# Directions:
Copy, please, the line with "Paño de cocina" and each line that follows it through the end of the data below, exactly as given and without pictures.

--- Information provided ---

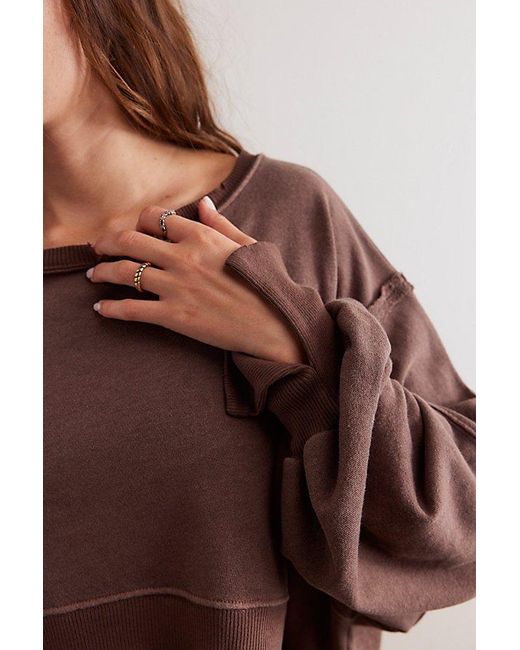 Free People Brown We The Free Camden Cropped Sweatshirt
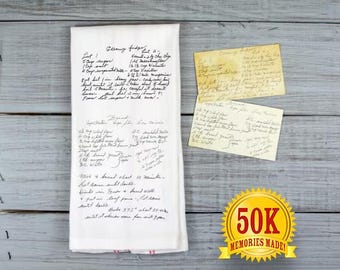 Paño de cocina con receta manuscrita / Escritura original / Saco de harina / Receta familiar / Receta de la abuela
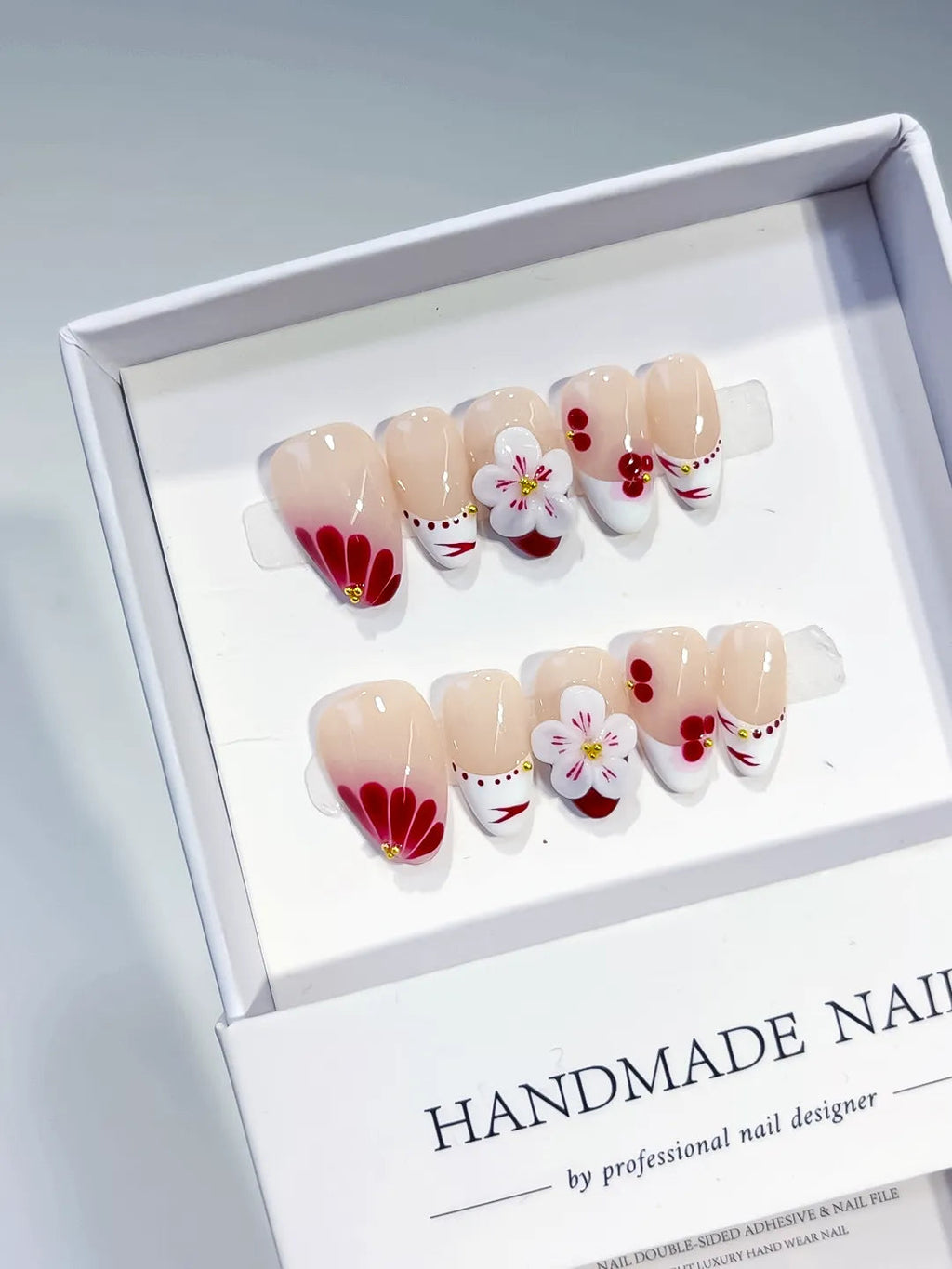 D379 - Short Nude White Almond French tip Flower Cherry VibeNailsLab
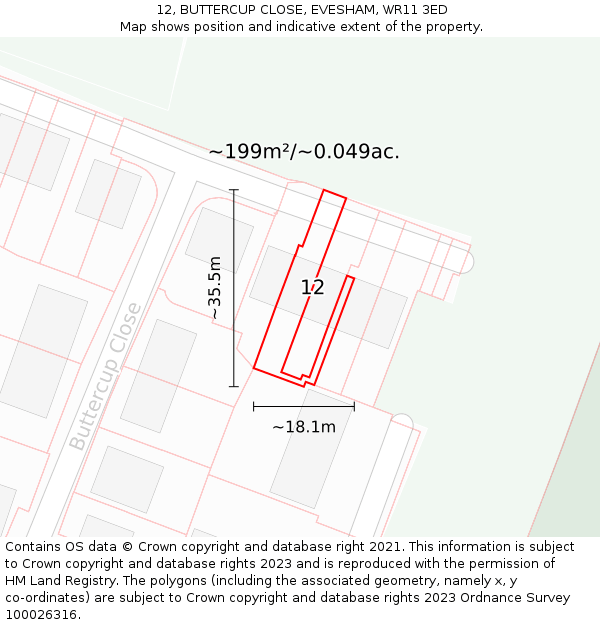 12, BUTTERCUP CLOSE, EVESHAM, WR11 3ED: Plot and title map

---

# Answer to this exercise:
 Paño de cocina con receta manuscrita / Escritura original / Saco de harina / Receta familiar / Receta de la abuela
 D379 - Short Nude White Almond French tip Flower Cherry VibeNailsLab
 12, BUTTERCUP CLOSE, EVESHAM, WR11 3ED: Plot and title map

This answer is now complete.